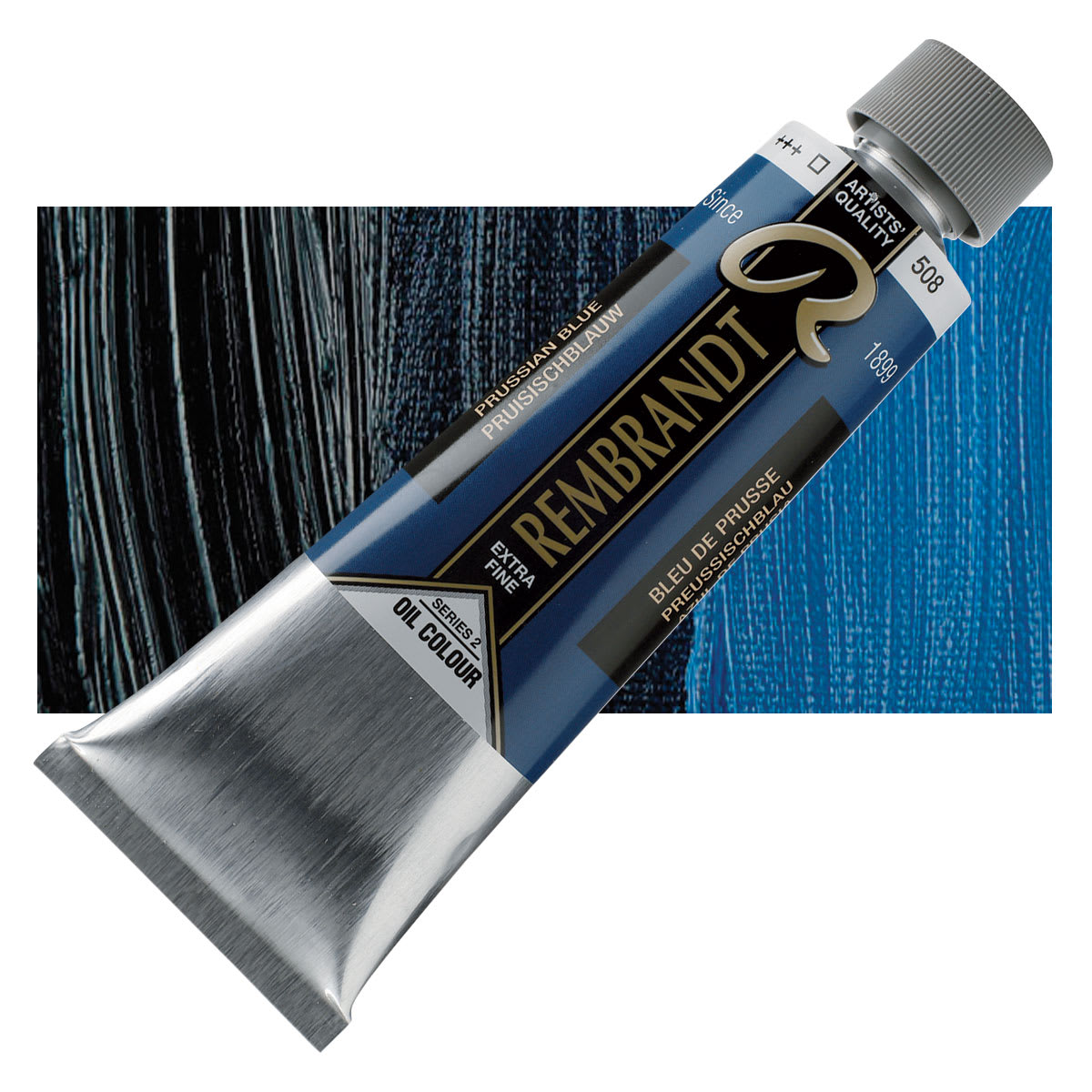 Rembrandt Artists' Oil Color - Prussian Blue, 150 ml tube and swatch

•••

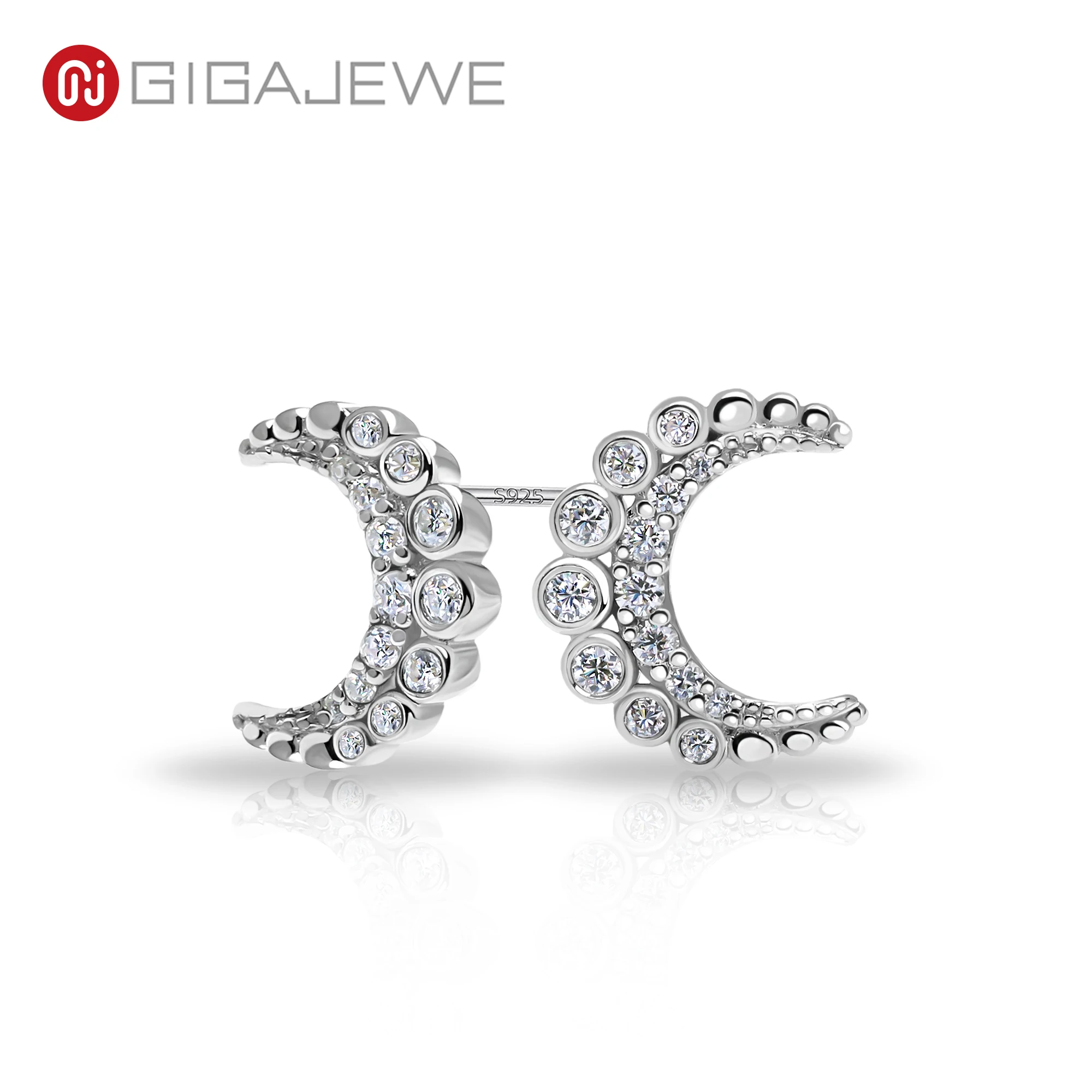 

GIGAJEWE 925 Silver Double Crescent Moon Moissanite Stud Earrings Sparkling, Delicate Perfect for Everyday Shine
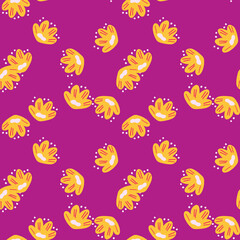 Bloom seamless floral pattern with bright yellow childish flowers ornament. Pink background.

•••

Word for word, retype the lines in the entries above that run from the one with "GIGAJEWE 925 Silver" through the one with "Bloom seamless floral". Both ends count; pictures do not.

*SOLUTION TO THIS PROBLEM*
GIGAJEWE 925 Silver Double Crescent Moon Moissanite Stud Earrings Sparkling, Delicate Perfect for Everyday Shine
 Bloom seamless floral pattern with bright yellow childish flowers ornament. Pink background.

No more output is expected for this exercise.